FIG. 1 is a diagram illustrating a configuration of a DC/DC converter that has been studied by the inventor. A detailed configuration of the DC/DC converter 100r should not be regarded as a general technology that is well known to those skilled in the art.
An input port P1 of the DC/DC converter 100r receives a DC input voltage VIN from a rectifier circuit (not shown) that is prepared in a stage previous thereto. The DC/DC converter 100r drops the input voltage VIN, and supplies the dropped voltage to a load that is connected to an output port P2 of the DC/DC converter 100r. 
The DC/DC converter 100r mainly includes a switching transistor M1, a transformer T1, a first diode D1, a first output capacitor Co1, a control circuit 10r, and a feedback circuit 20r. In the DC/DC converter 100r, a primary side region and a secondary side region of the transformer T1 are necessarily required to be electrically insulated from each other.
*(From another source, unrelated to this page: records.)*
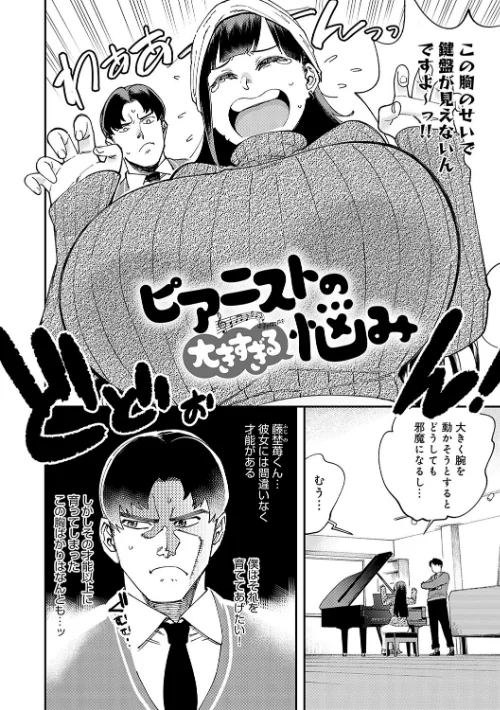 【エロ漫画】かしこいおっぱい/2024-02-29発売 試し読みサンプル 21ページ目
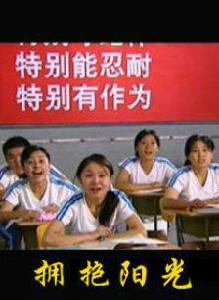 擁抱陽光[2006年電視劇]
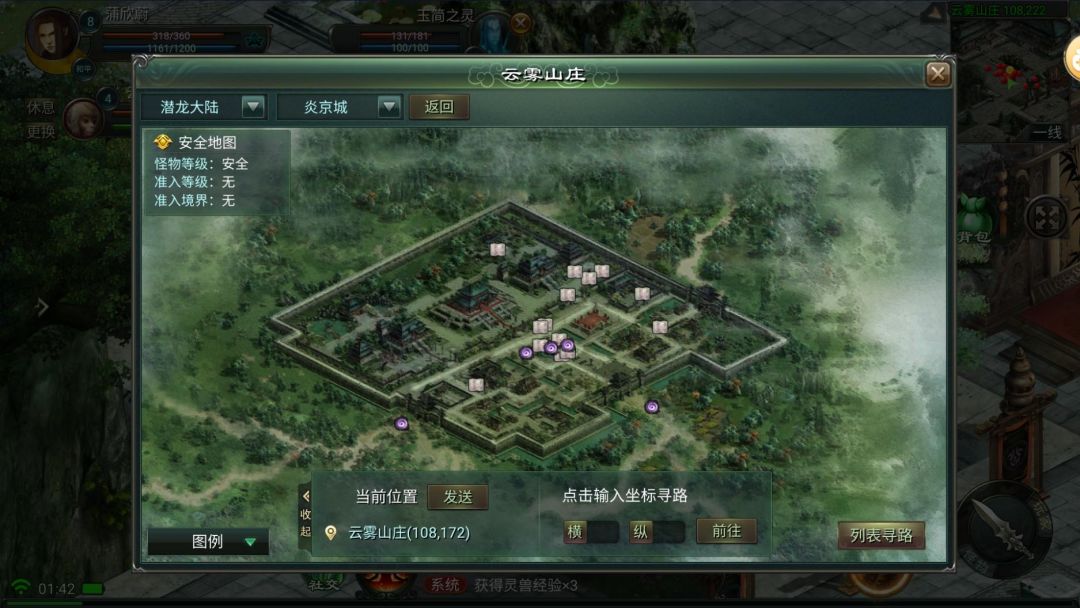 星辰变手游即将开服 2
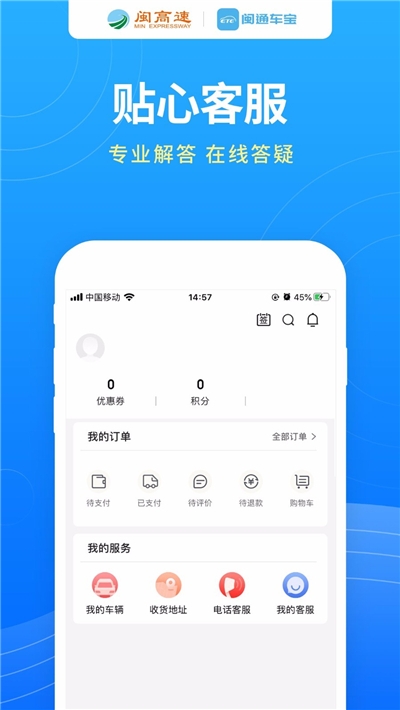 閩通車寶官網(wǎng)版2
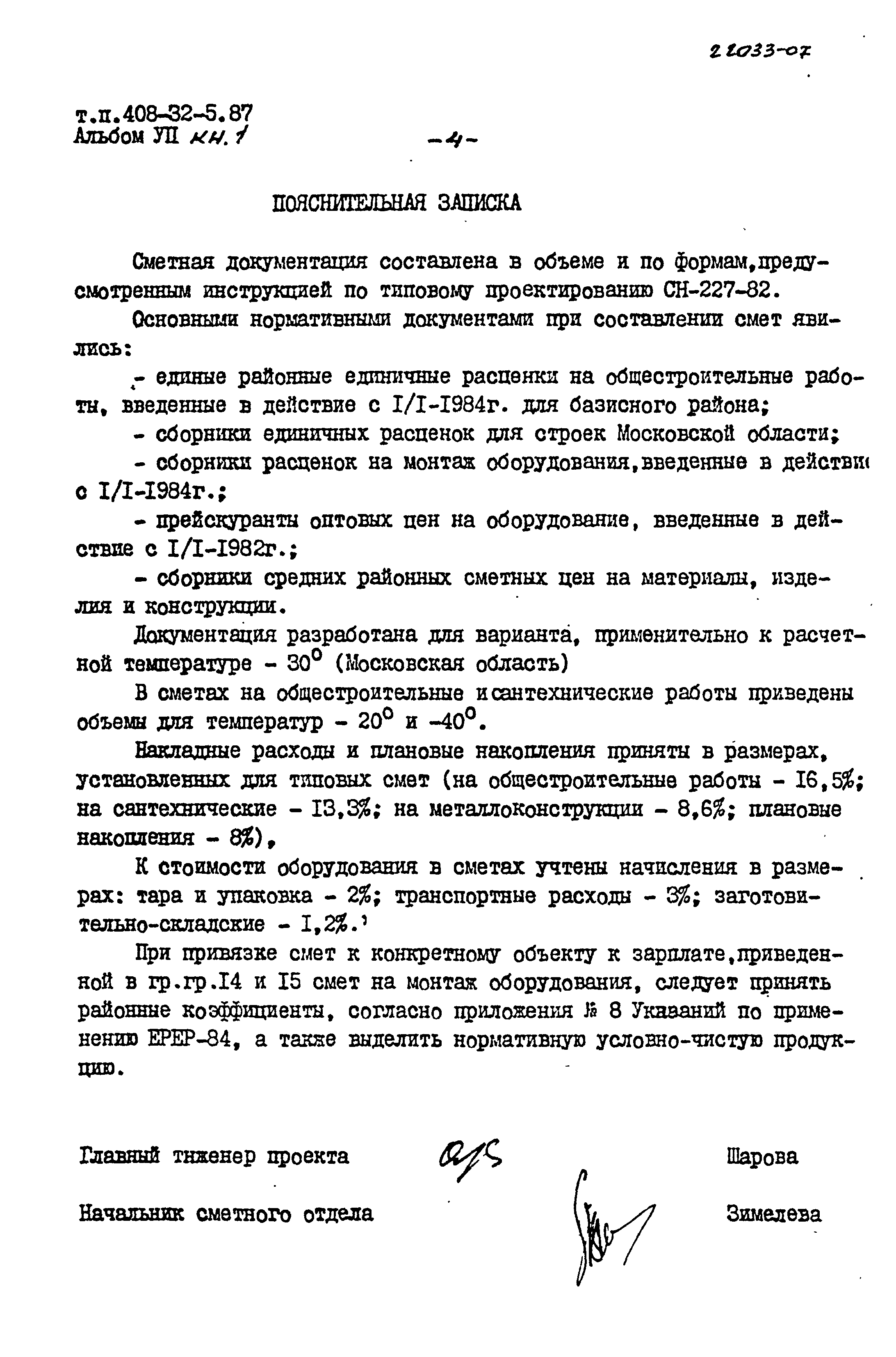 Типовой проект 408-32-5.87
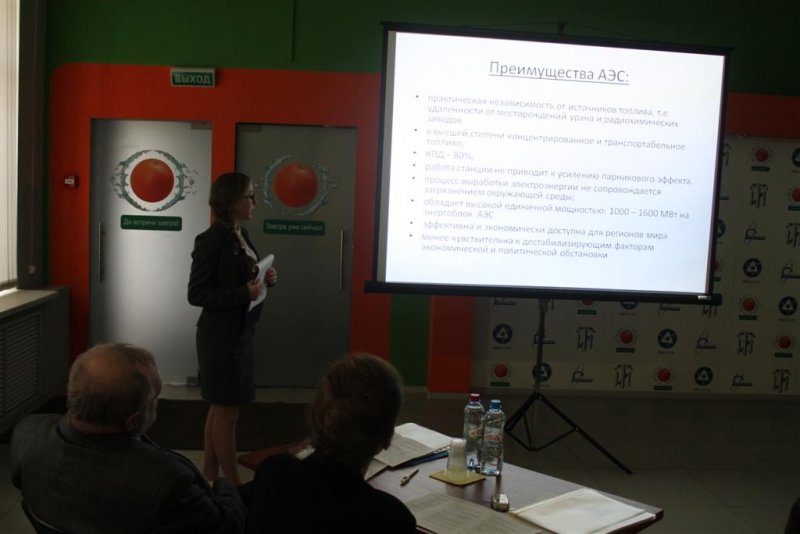 Фото к Определены победители регионального этапа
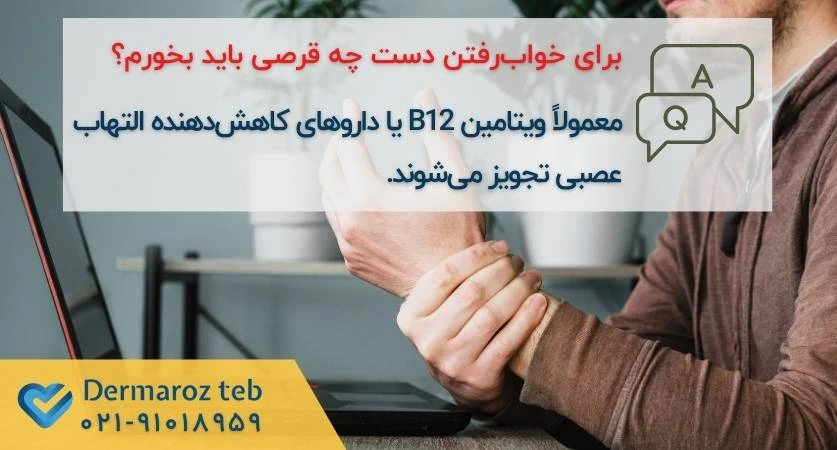 قرص برای خواب رفتن دست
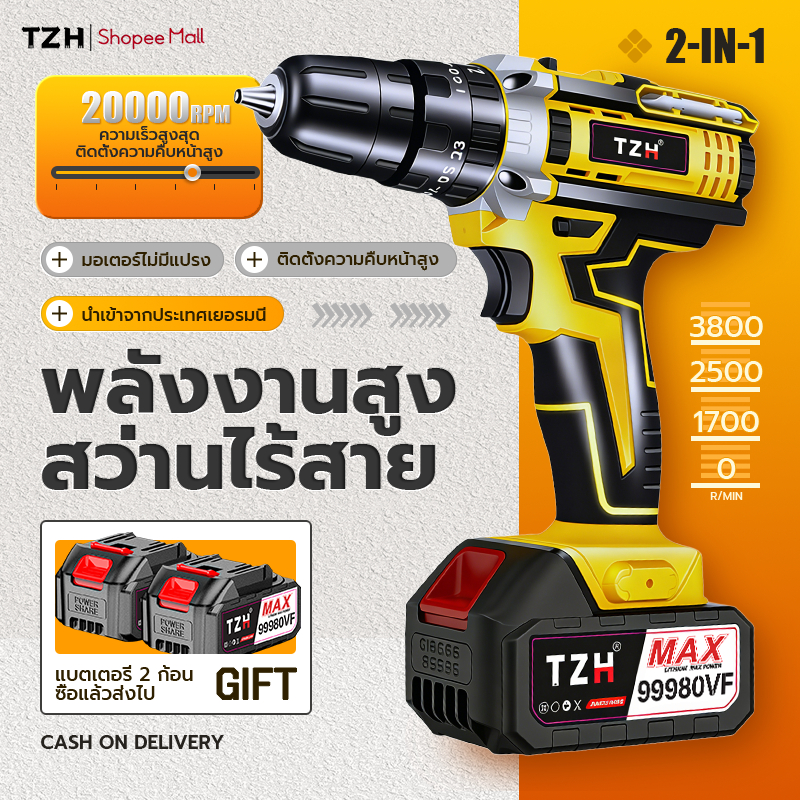 TZH【รับประกัน30ปี】สว่านไร้สาย 2/3 in1 สว่าน ระบบ สำหรับเจาะไม้ เหล็ก พร้อมชุดอุปกรณ์ แถมฟรี 32 ชิ้น
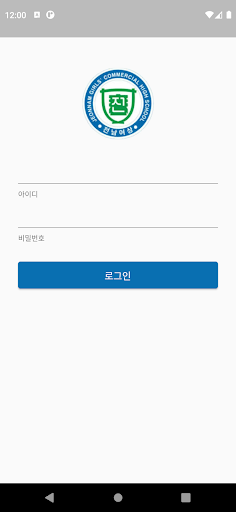 Android application 전남여상 취업관리 screenshort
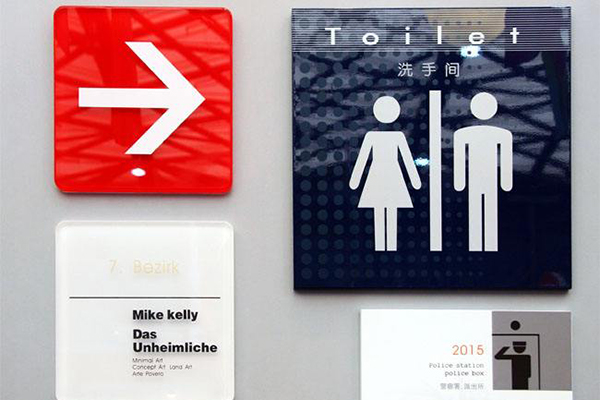 酒店導視設計 酒店導視設計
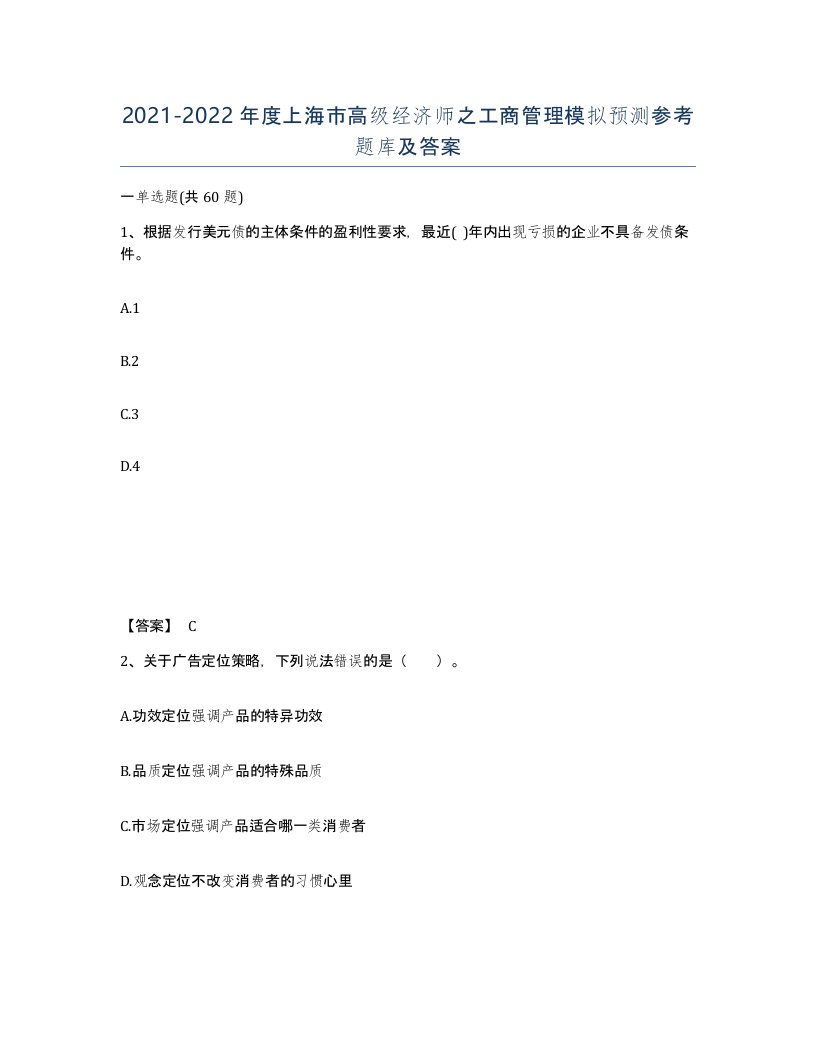 2021-2022年度上海市高级经济师之工商管理模拟预测参考题库及答案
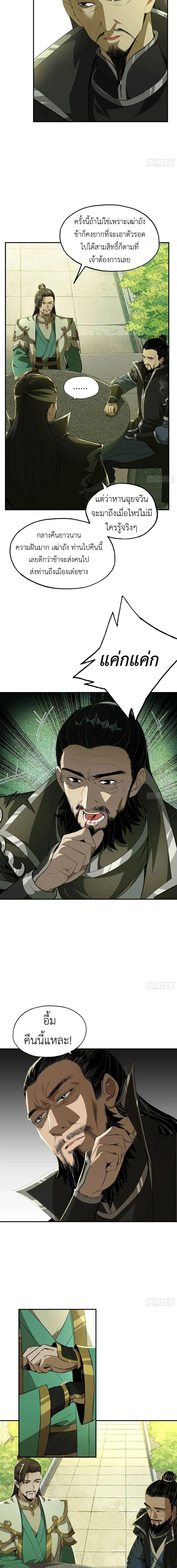 Manga-lc-com อ่านมังงะ อ่านการ์ตูน ออนไลน์ ฟรี The Taoist Master Is Going to Ascend ตอนที่ 1 2 3 4 5 6 7 8 9 10 11 12 13 14 ฟรี ไม่มีโฆษณา Manga-lc - อ่าน มังงะ อ่าน การ์ตูน ออนไลน์ อ่านมังงะ ฟรี
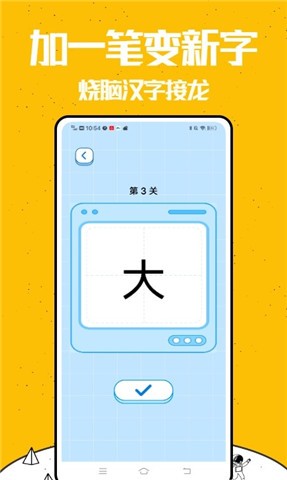 你来比划我猜图4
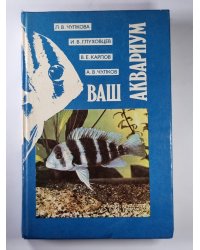 Ваш аквариум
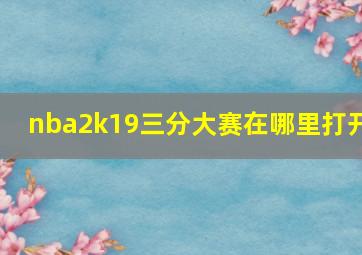 nba2k19三分大赛在哪里打开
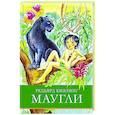 russische bücher: Киплинг Р.Дж. - Маугли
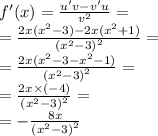 f'(x) = \frac{u'v - v'u}{ {v}^{2} } = \\ = \frac{2x( {x}^{2} - 3) - 2x( {x}^{2} + 1) }{ {( {x}^{2} - 3)}^{2} } = \\ = \frac{2x( {x}^{2} - 3 - {x}^{2} - 1) }{ {( {x}^{2} - 3)}^{2} } = \\ = \frac{2x \times ( - 4)}{ {( {x}^{2} - 3) }^{2} } = \\ = - \frac{8x}{ {( {x}^{2} - 3)}^{2} }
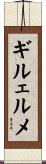 ギルェルメ Scroll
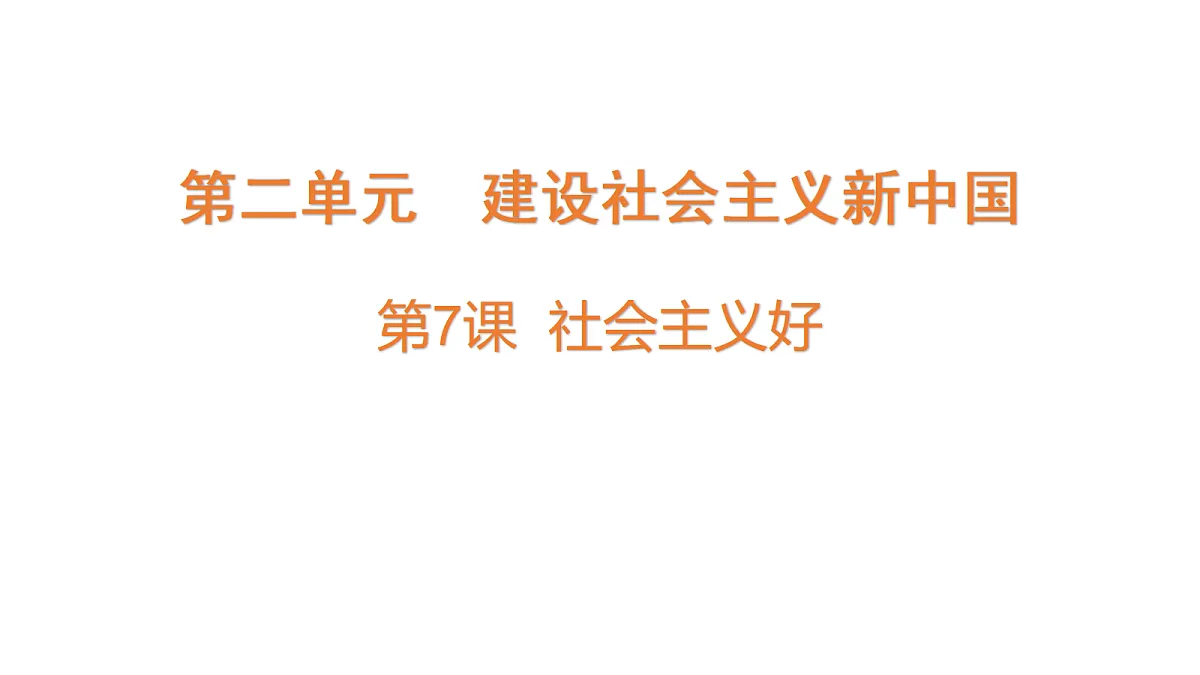 18711383第1页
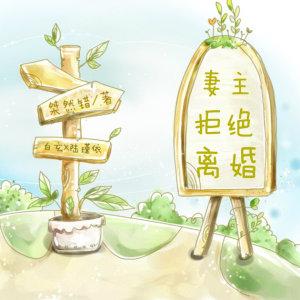 妻主拒絕離婚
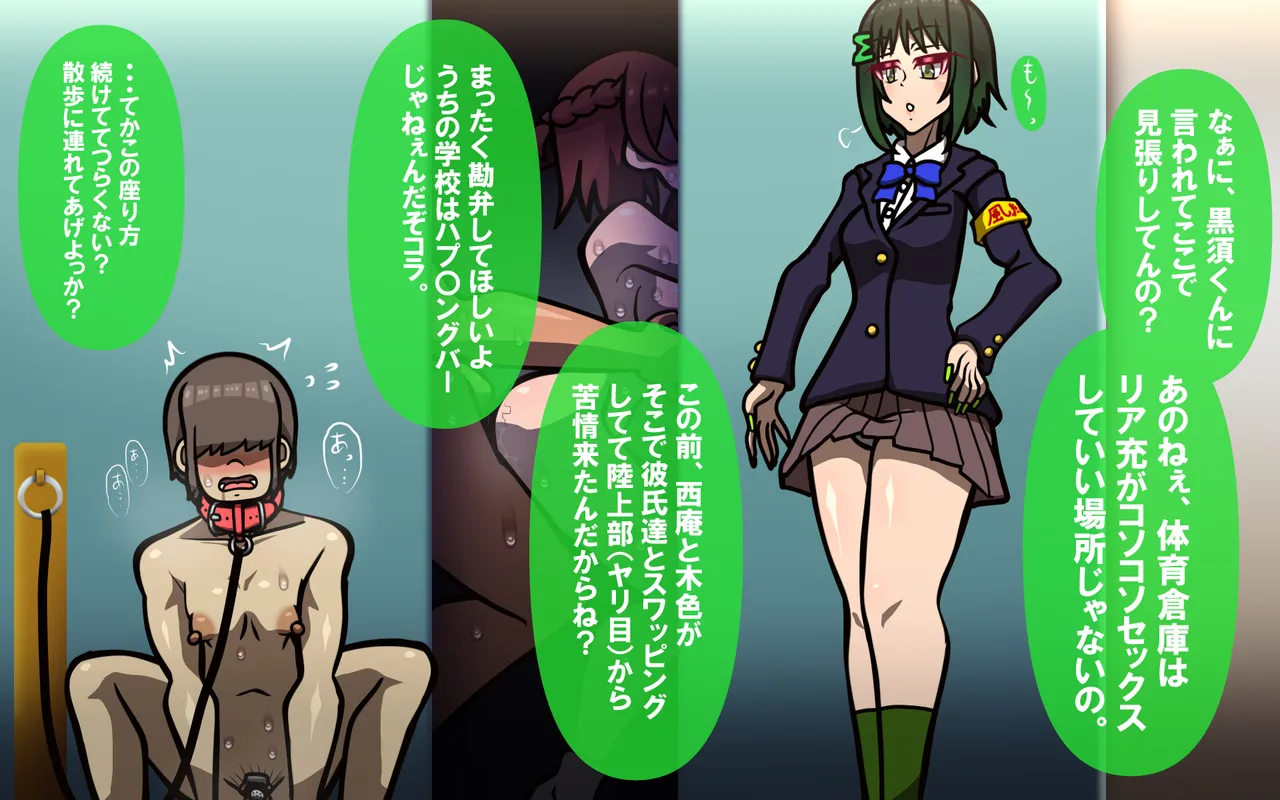しればしるほどPHASE II – Page 75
The feedback circuit 20r includes resistors R1 and R2 that divide the output voltage VOUT, a shunt regulator 22, and a photo coupler 24.
The shunt regulator 22 is an error amplifier that amplifies an error between the divided output voltage VOUT′ and a reference voltage VREF based on a target value of the output voltage VOUT. The photo coupler 24 feeds back a feedback signal, based on an error between the output voltage VOUT and the target voltage, to the control circuit 10r. The control circuit 10r controls an on/off duty ratio of the switching transistor M1 by using pulse modulation such that the output voltage VOUT matches with the target voltage.
The control circuit 10r may operate with a supply voltage VCC of about 10 V, and thus, when the control circuit 10r is driven with the input voltage VIN (about 140 V), efficiency is degraded. The voltage VOUT dropped by the DC/DC converter 100r is generated in the secondary side of the transformer T1, and thus cannot be supplied to the control circuit 10r that is prepared in the primary side.
Therefore, an auxiliary coil L3 is prepared in the primary side of the transformer T1. The auxiliary coil L3, a second diode D2, and a second output capacitor Co2 act as an auxiliary DC/DC converter for generating the source voltage VCC for the control circuit 10r. In the DC/DC converter 100r, the source voltage VCC is proportional to the output voltage VOUT, and a proportional coefficient is defined as a turn ratio of the secondary coil L2 of the transformer T1 and the auxiliary coil L3:VCC=VOUT×ND/NS where NS is the number of turns of the secondary coil L2, and ND is the number of turns of the auxiliary coil L3.